Work task
Whenever a line in the records below holds the string "from", copy it out.

Web page caption snippets:
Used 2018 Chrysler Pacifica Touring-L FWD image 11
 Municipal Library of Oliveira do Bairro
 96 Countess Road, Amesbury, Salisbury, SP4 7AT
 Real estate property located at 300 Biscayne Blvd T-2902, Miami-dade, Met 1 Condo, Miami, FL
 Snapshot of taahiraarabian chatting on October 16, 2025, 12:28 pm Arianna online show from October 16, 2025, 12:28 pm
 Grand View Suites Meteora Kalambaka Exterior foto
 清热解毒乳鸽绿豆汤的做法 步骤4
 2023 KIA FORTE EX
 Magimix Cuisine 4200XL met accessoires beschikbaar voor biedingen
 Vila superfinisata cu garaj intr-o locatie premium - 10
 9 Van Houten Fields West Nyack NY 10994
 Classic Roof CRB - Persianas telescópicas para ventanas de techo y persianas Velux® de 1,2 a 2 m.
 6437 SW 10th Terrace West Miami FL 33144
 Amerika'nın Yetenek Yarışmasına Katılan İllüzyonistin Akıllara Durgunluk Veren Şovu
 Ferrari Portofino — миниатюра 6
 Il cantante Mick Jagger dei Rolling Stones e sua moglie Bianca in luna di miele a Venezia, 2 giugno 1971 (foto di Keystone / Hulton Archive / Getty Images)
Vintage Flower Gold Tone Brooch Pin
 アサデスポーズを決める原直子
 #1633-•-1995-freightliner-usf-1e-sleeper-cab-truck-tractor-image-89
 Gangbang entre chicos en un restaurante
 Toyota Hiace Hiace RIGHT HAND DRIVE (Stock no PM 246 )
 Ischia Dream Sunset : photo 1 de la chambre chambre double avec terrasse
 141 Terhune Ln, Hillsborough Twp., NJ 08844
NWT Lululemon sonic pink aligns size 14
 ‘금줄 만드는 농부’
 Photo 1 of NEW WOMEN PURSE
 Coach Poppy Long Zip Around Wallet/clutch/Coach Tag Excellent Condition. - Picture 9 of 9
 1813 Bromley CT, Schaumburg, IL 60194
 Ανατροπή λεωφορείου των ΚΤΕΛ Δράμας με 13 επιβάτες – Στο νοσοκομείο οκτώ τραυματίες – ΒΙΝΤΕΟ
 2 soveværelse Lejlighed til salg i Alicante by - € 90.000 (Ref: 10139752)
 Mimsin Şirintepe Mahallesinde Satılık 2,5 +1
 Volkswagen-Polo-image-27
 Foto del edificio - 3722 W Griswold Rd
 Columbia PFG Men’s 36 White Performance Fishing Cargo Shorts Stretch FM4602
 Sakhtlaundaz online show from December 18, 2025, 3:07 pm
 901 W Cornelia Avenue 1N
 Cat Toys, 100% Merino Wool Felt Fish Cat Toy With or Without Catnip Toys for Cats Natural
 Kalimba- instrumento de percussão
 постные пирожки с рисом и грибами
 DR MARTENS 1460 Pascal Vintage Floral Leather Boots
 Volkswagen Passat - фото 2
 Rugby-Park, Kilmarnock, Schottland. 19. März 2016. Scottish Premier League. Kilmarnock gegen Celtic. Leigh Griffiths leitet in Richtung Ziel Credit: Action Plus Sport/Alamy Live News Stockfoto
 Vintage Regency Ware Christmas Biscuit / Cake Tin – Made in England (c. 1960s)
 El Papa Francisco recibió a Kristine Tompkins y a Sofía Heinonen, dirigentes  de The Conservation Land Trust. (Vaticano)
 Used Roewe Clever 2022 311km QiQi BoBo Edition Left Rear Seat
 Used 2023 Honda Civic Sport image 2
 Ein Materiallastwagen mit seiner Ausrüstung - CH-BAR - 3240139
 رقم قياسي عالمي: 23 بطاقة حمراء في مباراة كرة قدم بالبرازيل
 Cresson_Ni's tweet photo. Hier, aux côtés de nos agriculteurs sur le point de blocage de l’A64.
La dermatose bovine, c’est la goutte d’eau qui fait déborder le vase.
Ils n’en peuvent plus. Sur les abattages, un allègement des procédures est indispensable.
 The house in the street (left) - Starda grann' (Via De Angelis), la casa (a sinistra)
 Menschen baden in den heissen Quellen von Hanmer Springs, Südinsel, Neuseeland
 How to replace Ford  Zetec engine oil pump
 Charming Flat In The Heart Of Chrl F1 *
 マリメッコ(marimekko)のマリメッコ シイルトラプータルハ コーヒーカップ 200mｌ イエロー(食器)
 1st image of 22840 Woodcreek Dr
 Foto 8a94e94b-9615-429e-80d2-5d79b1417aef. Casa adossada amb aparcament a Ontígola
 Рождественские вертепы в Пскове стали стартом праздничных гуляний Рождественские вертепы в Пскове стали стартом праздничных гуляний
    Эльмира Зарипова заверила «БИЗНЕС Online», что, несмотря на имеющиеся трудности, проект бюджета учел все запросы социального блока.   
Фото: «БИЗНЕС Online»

Response area
 Snapshot of taahiraarabian chatting on October 16, 2025, 12:28 pm Arianna online show from October 16, 2025, 12:28 pm
 Sakhtlaundaz online show from December 18, 2025, 3:07 pm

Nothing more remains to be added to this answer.